Am I correct in this example? For example, I have data a data stream like this 101100011100...11001001 .... . Let say a symbol is 64 bits. I will use 16 qam-ofdm. For this, I separate a symbol to 16 subsymbols (means each is 4 bits) and It converted serial to parallel...
If it was serial to start with, yes. At this stage, you've collected together 64 bits for a symbol, and divided those into 16 subsymbols of 4 bits
Then each parallel item is my ofdm symbol mapped as to qam.
Each subsymbol is going to represent one subcarrier, one frequency, within your OFDM symbol. You've chosen to map the 4 bits as QAM onto that carrier.
Then I take IFFT this ofdm symbols...
The QAM coding on each subcarrier gives you one of 16 constellation points, that is one of 16 phase/amplitude pairs, for the relative phase and amplitude of that subcarrier. You assemble all 16 subcarriers as a complex frequency vector that goes into an IFFT
and then I add cp...
The output of the IFFT is a compex time vector that represents the time duration of exactly the reciprocal carrier spacing. On reception, it's not possible to detect the start and end of this symbol accurately, and the channel is likely to have a delay spread.
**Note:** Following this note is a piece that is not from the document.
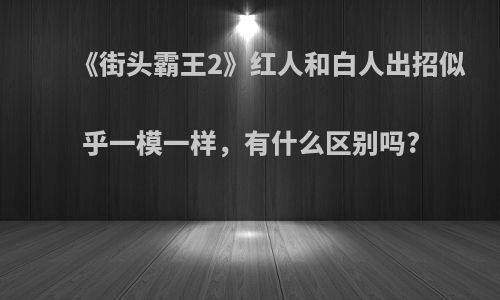 《街头霸王2》红人和白人出招似乎一模一样，有什么区别吗?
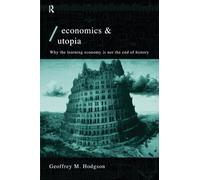 Economics and Utopia: Why the Learning Economy is Not the End of History (Economics as Social Theory)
Increasing the length of the symbol by adding a cyclic prefix, typically taking the end 25% of the time record and tacking it on the other end, allows for looser synchronisation at the receiver, and for delay spread in the channel
and then parallel to serial and then DA
the output of the FFT is logically a time vector, and depending on the hardware it may be serial, parallel, or chunks. Just think of this bit as taking the logical time vector and presenting it one sample at a time to the RF conversion hardware. How this hardware is built will determine whether it's two DACs and analogue mixers, or more likely these days, digital mixers to an IF and to a single high speed DAC
then transmit the signal.
eventually. The complex baseband, or the IF signal, is upconverted to RF and radiated.
So I need to 16 subcarriers and I transmit only one symbol (64bits) with 16 subcarriers. Am I right?
More or less. A working system will have a few extra tweaks. For instance, a few empty subcarriers at the edge are often defined to mitigate interference to adjacent channels. The centre carrier, or the centre few, are often not used for data so that poor DC performance in the IQ modulators, and close to carrier phase noise from the LOs (you get both when you design a real system down to a price) doesn't degrade real data. Some subcarriers, or at least some time slots in them, are often used for pilot signals for synchronisation and channel sounding. Finally, the relative phase of the subcarriers - relative to what? It's usually relative to the previous subsymbol on that carrier, or the mean of the previous few symbols. The phase of one symbol is like the sound of one hand clapping. So we're usually sending several symbols sequentially. So you'll need a few more subcarriers, but only 16 will be carrying your data payload. And you'll need a few more symbols, but you'll get 64 bits from each.